Booster Gold's role in this story:
Featured (Booster Gold plays a prominent role)
Costume Worn: MARK XIII power-suit
This story has been reprinted in the following:
Page 6, panel 1
Booster Gold and Skeets have arrived at the apartment of Reagan Bennington and Dylan "Weed" Weeden in search of their housemate, Bat-Mite. Booster makes several joking references to the cartoon Scooby-Doo, Where Are You? because Weed looks like Shaggy. (Thanks, Booster. Now when I read Weed's dialogue balloons, I hear Casey Kasem's voice.)
Page 6, panel 4
PRODUCT PLACEMENT: Bat-Mite teleports Booster from the room, depriving the reader of seeing Booster appear on panel with his latest endorsed product, Booster Puffs Cereal.
Page 8, panel 1
BUSTER GOLD: Bat-Mite calls Booster "Buster." Writer Dan Jurgens re-introduces this classic gag to readers of the New 52.
Page 8, panel 5
PRODUCT PLACEMENT: Bat-Mite reveals a previously unknown Booster Gold endorsement, Hero Britches adult diapers. Their slogan? "We've got your backside!"
Page 9, panel 5
Bat-Mite makes fun of Booster Gold's name.
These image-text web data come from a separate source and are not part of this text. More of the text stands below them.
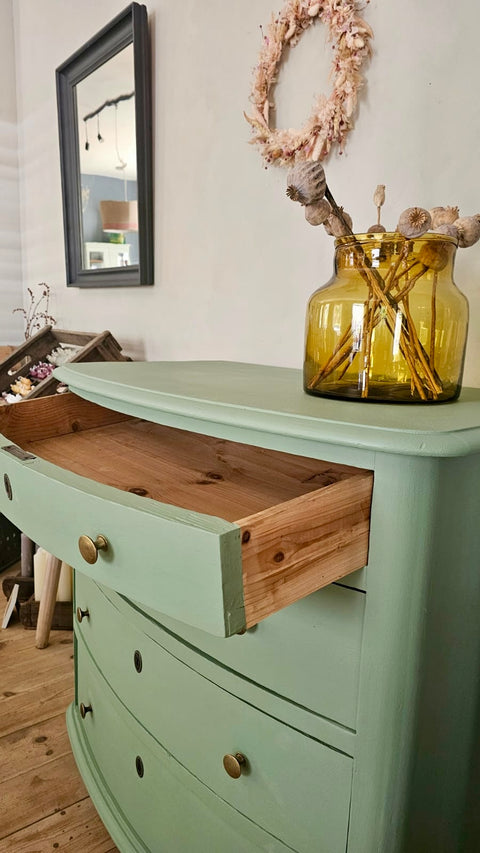 Dänische Vintage Kommode | Kreidefarbe Ginkgo (grün)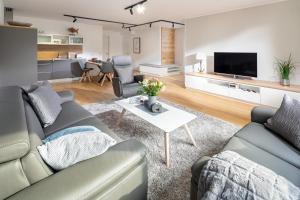 sala de estar con sofá y mesa en Wolkenlos en Norderney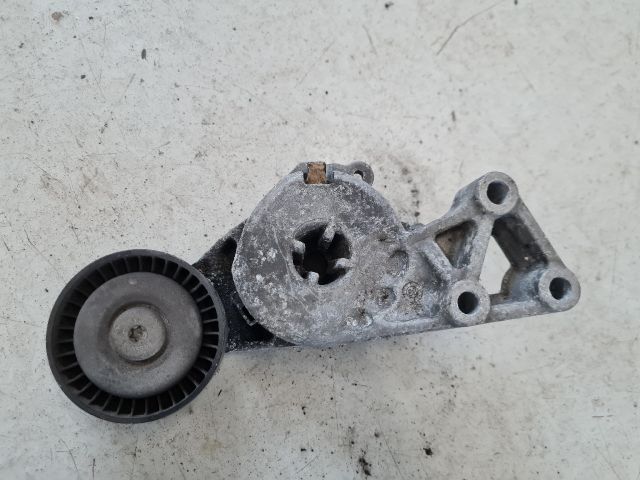 bontott VW GOLF IV Szíjfeszítő Görgő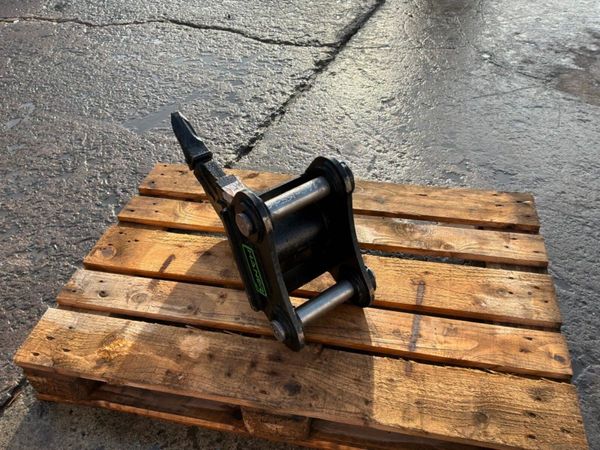 New / unused Haner ripper tooth......45mm pins.... 397322026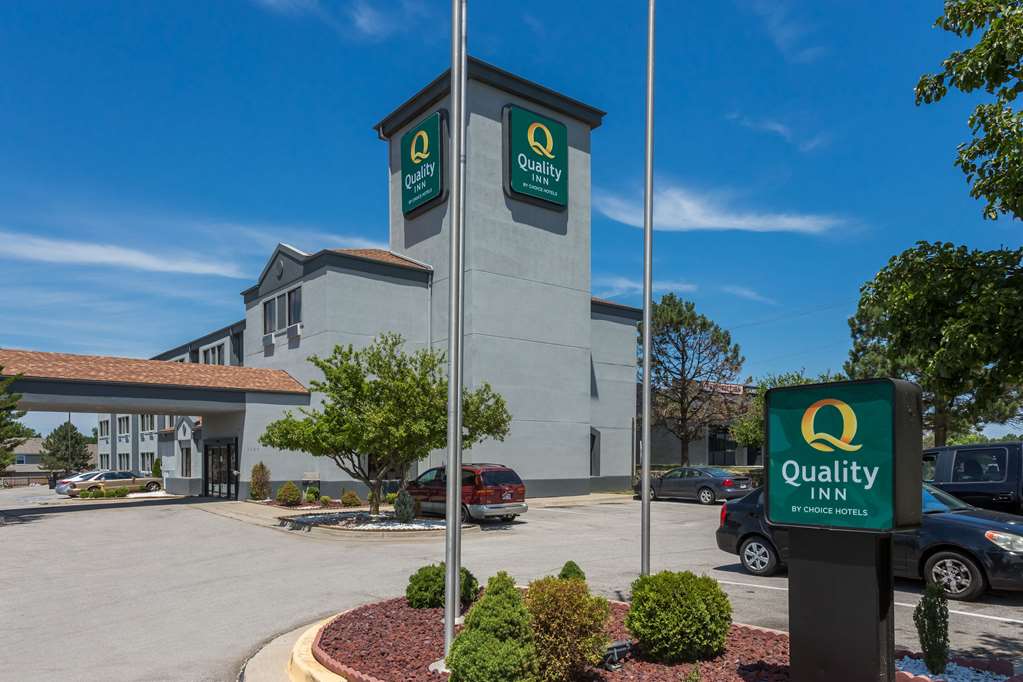Quality Inn Lees Summit Kansas City - photo 3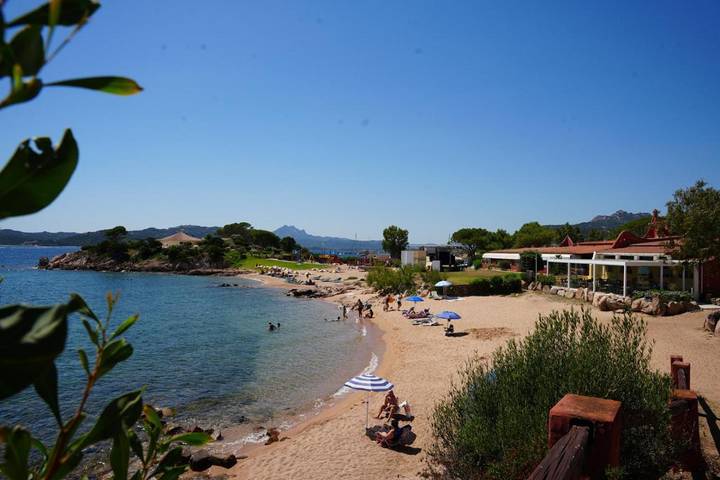 Bungalow für 4 Personen, mit Terrasse und Garten sowie Sauna in Costa Smeralda
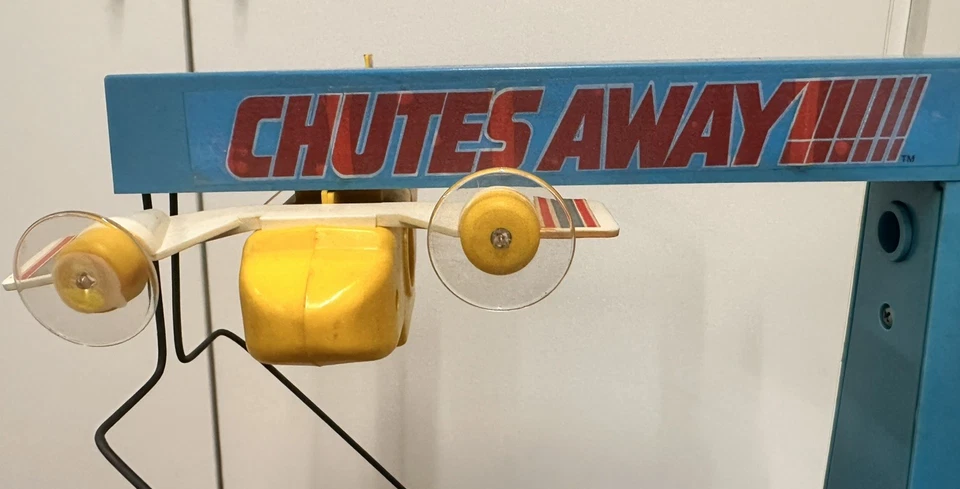 Vintage 1977 Gabriel Chutes Away Air Rescue Target Game - Image 2 of 4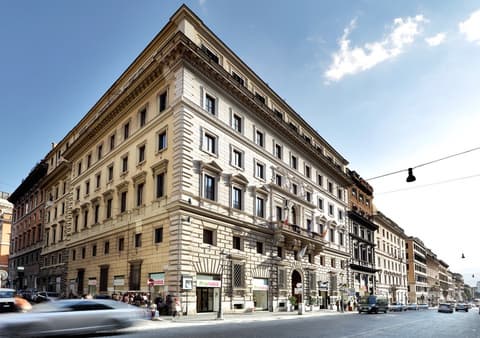 EXE INTERNATIONAL PALACE, 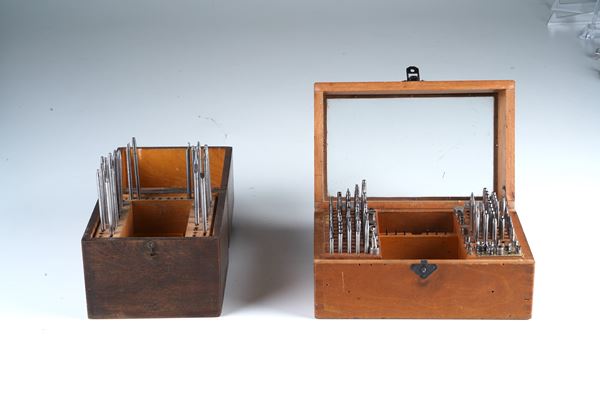 Due scatole in legno contenenti “punzoni”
Given that this issue is written by Dan Jugens, the man who created and named Booster Gold, Jurgens is probably poking a little fun at himself here.
Page 10, panel 2
HIS STORY: Booster has been awfully quick to reveal his history and his "real" mission as time cop to Bat-Mite. Likewise, Skeets can't help repeating that Booster's powers were stolen. They're both playing fast and loose with Bat-Mite, who isn't known to be the most stable personality. Still, a little origin recap is always a good thing for new readers. At least Booster is still a time-cop in the post-Convergence DCnU.
Page 10, panel 6
Bat-Mite calls Skeets "Jiminy" in a reference to Jiminy Cricket, the sidekick to Walt Disney's Pinocchio. Like Jiminy Cricket, Skeets is usually the voice of Booster's conscience.
Page 11, panel 1
FASHION ALERT: Thanks to Bat-Mite's reality-bending powers, Booster Gold's costume has received a makeover to appear more "Batmanish." The costume is now nearly all black with spiked shoulders and spiked gold gauntlets. Booster's star has been replaced with a skull. It's worth noting that throughout this issue, Skeet's fins have been drawn upwards, like the ears on Batman's cowl.
Page 11, panel 4
While trying to determine a new name for Booster to match his new look, Skeets considers "Gold Monger" (a reference to the James Bond villain in Goldfinger), "Gold Lantern" (a reference to the Justice League Unlimited episode "Greatest Story Never Told"), and "The Man with the Golden Arm" (a 1955 Frank Sinatra movie about heroin addiction). Eventually, Bat-Mite settles on "Black Gold," which really isn't too bad.
Page 13, panel 2
Inside Gridlock's lair, Booster appears find comic books featuring Captain Carrot on the cover. (Captain Carrot and His Amazing Zoo Crew was first published by DC Comics in 1982.) However, Booster says they are "mint-in-box," which is clearly a reference to toys.
Page 14, panel 4
Gridlock's motivation is to stop time and preserve culture where he liked it best. Jurgens now appears to be poking some fun at comic book fan-boys who rail against change. I've never been a villain in a DC Comics book before. Frankly, I'm flattered.
Page 15, panel 5
POWER DOWN: When Bat-Mite redesigned Booster's costume, he took away Booster's forcefield. Oops.
Page 18, panel 5
SPOILER WARNING!: Reveal
Page 19, panel 5
BORROWING THE CAR: Booster goes back in time an hour to rescue a photo album that Bat-Mite would destroy. Since we have already seen the destroyed photo album, that must mean that at some point in the future, the album must be returned to its place in the past so that it can be destroyed and the timeline can be restored to it's proper order. (Whew, not only is Booster playing fast and loose with his origin in this issue, he's also not very good at his job!)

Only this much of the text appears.